En plein milieu de la crise aiguë qui frappe Cuba, Miguel Díaz-Canel a déchargé ce mercredi sur les gouvernements municipaux la responsabilité d'offrir une "amélioration" à la population, en réclamant des résultats visibles lors d'une visite dans les municipalités havanaises de Regla et Guanabacoa.
Le dirigeant a promis aux gouvernements locaux une autonomie sans précédent : « Vous aurez toute l'autonomie nécessaire pour gérer les exportations, les importations, les investissements étrangers dans la municipalité, les investissements des Cubains résidant à l'étranger ».
«La responsabilité sociale de tous les acteurs économiques doit immédiatement nous fournir des niveaux de production et de service qui améliorent l'offre à la population et qui améliorent la relation de pouvoir d'achat, c'est-à-dire la relation entre les prix et les salaires», a souligné.
Le discours révèle une stratégie claire : déléguer aux municipalités la tâche de générer une amélioration tangible pendant que le gouvernement central ne s'attaque pas aux problèmes structurels.
En parallèle, Díaz-Canel a exigé aux autorités de La Havane « de mettre des personnes compétentes » à la tête des territoires, et Morales Ojeda a admis des dénonciations de corruption dans le secteur.
Le dirigeant impopulaire était accompagné par Roberto Morales Ojeda, membre du Bureau politique et secrétaire à l'organisation du Comité central du Parti communiste, ainsi que par les plus hautes autorités provinciales. La visite dans les 15 municipalités de la capitale a commencé le 30 juin et n'est pas encore terminée.
Le contexte de ces visites a été révélé le 17 juillet, lorsqu'une diapositive projetée par erreur sur Canal Caribe a montré que les visites aux Conseils de Défense répondent à un plan de «actions pour éviter un soulèvement social», encadré dans la Directive No. 2 du Conseil de Défense Nationale.
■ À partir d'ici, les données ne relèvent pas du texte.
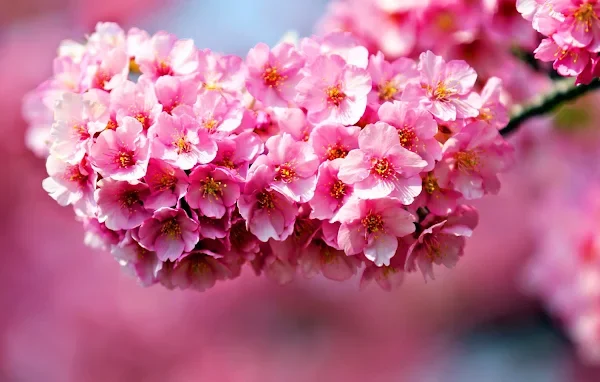 Midtown Florist Gallery 2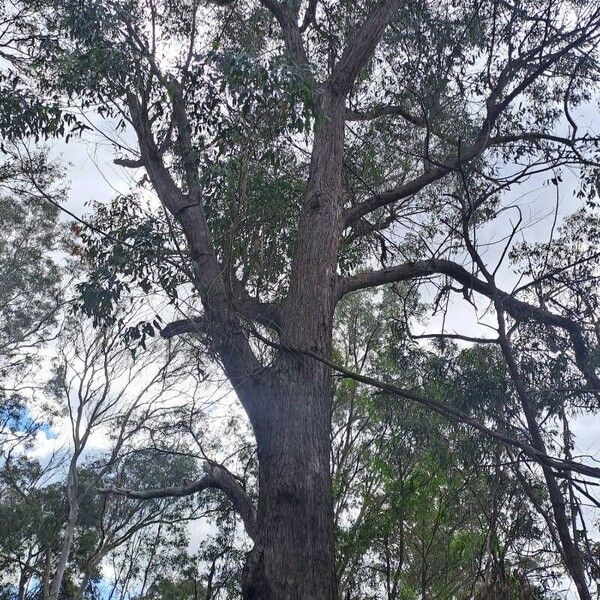 Eucalyptus eugenioides موطن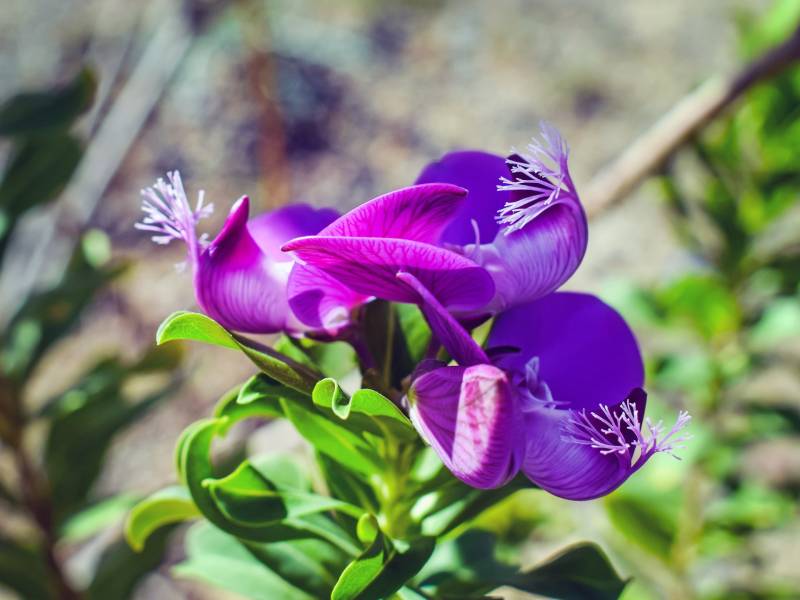Où acheter un Polygala Myrtifolia proche du Cap Ferret ?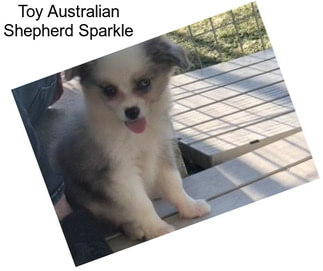 Toy Australian Shepherd Sparkle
La pression sociale est réelle : l'Observatoire cubain des conflits a enregistré 1 311 manifestations en mai 2026 et 107 en juin, la crise électrique étant le principal déclencheur.
Cuba a accumulé cinq coupures de courant nationales totales depuis le début de l'année ; celle du 6 juillet a laissé sans électricité environ 9,6 millions de personnes.
Les 176 transformations économiques approuvées en juin incluent l'augmentation du salaire minimum de 2 100 à 3 210 pesos, l'autorisation de banques et de bureaux de change privés, et la suppression de la libreta universelle.
Cependant, aucune de ces mesures n'a encore atténué la crise énergétique ni la détérioration du pouvoir d'achat des Cubains.
Díaz-Canel a encore deux municipalités havanaises à visiter avant de conclure la tournée, au cours de laquelle les territoires devront prouver qu'ils sont les principaux responsables de l'efficacité des réformes.